He spent the late 60s playing awkward, neurotic New Yorkers that Robert Altman seemed to collect. Bob & Carol & Ted & Alice (1969) got him an Oscar nomination, but it was Altman's M*A*S*H (1970) that put him on Time magazine's cover. He played Trapper John McIntyre as a loose, anti-authoritarian wiseguy in an anti-war satire that Hollywood desperately wanted to make but didn't quite know how. Time called him "a star for an uptight age," which was more accurate than most cover lines.
The early 70s peak didn't last. Drug issues and a string of commercial flops bottomed him out fast enough that the studio reportedly required a psychiatric evaluation before casting him in The Long Goodbye (1973). He staged two significant comebacks: a recurring role on Friends as Monica and Ross's dad (20 episodes across the run), then the Ocean's franchise through four films from 2001 to 2018. Most of his contemporaries faded out. He kept finding new rooms.

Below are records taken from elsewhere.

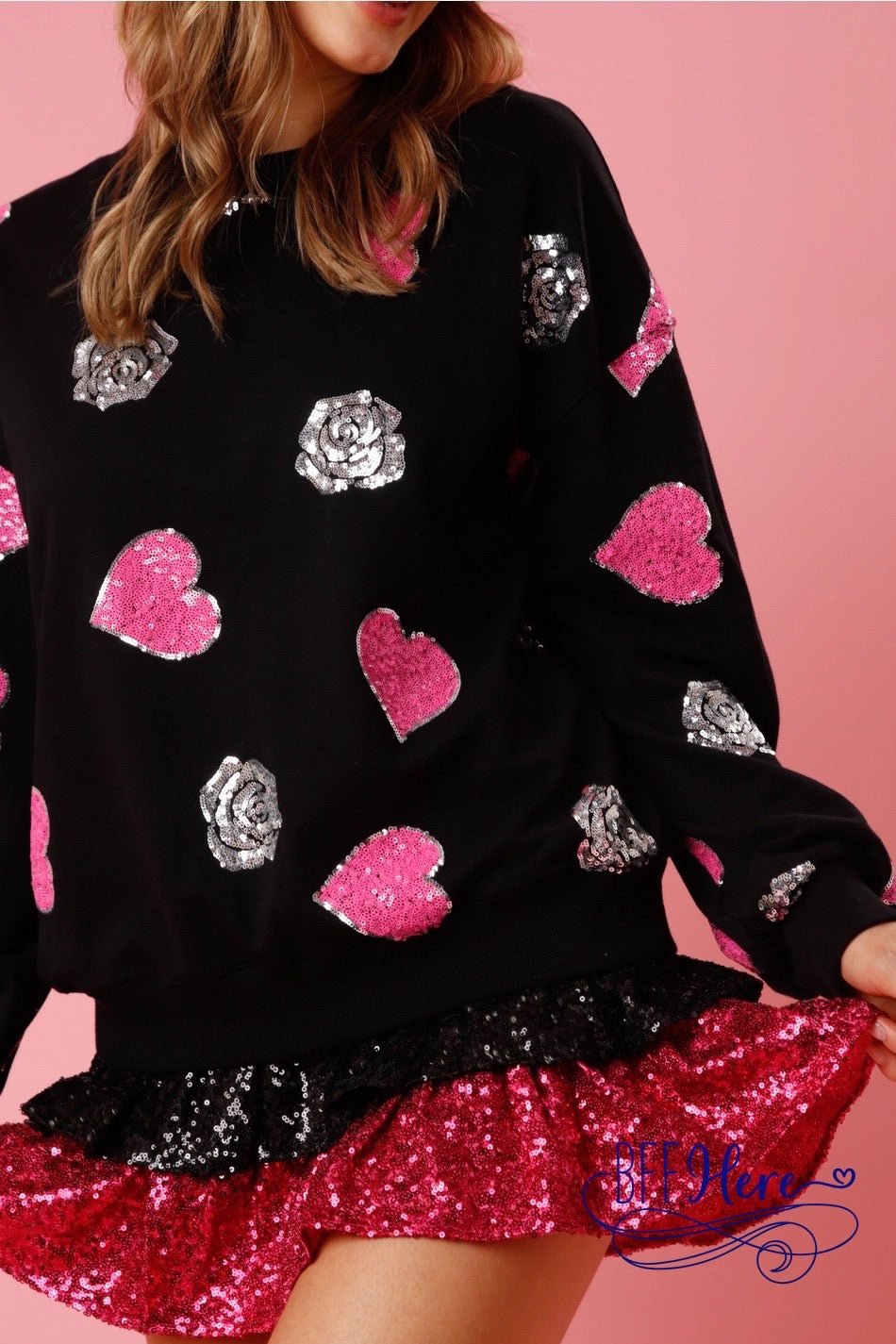 Rosy Romance: Sequined Rose and Hearts Pullover - BFF Here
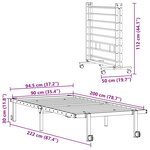 vidaXL Cadre de lit sans matelas pliable blanc 90x200 cm acier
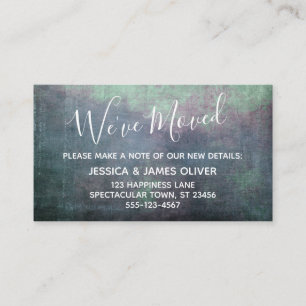 Green Blue Purple Grunge "We've Moved" Enclosure Card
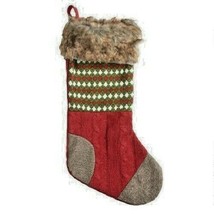 NEW Red Green Knit HERRINGBONE CHRISTMAS STOCKING Brown Faux Fur Trim 20... - £19.74 GBP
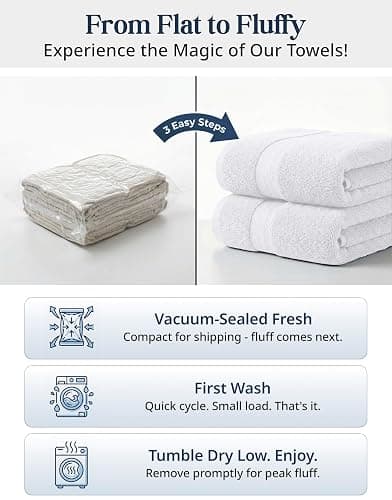 LANE LINEN Bath Towel Set 100% Cotton 16 Piece Soft Absorbent - White | Cotton Bath Towels, Soft & Durable, Ring-Spun, Ideal for the Home & Spa, with OEKO-TEX thumbnail 3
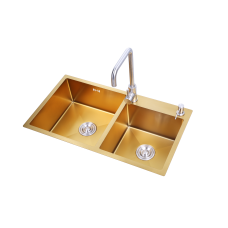 BACHA DOBLE EN INOX 82*45*22CM DORADA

Born Elliott Goldstein in Brooklyn, he met Barbra Streisand during rehearsals for I Can Get It for You Wholesale in 1962. He had the lead. She had a minor role as a secretary and stole the show. They married secretly at a Carson City justice of the peace in 1963, and as her career exploded and his stalled, he reportedly resented being known as "Mr. Streisand." He later described the marriage as "a bath of lava." They divorced in 1971 but, by his own account, stayed genuinely close.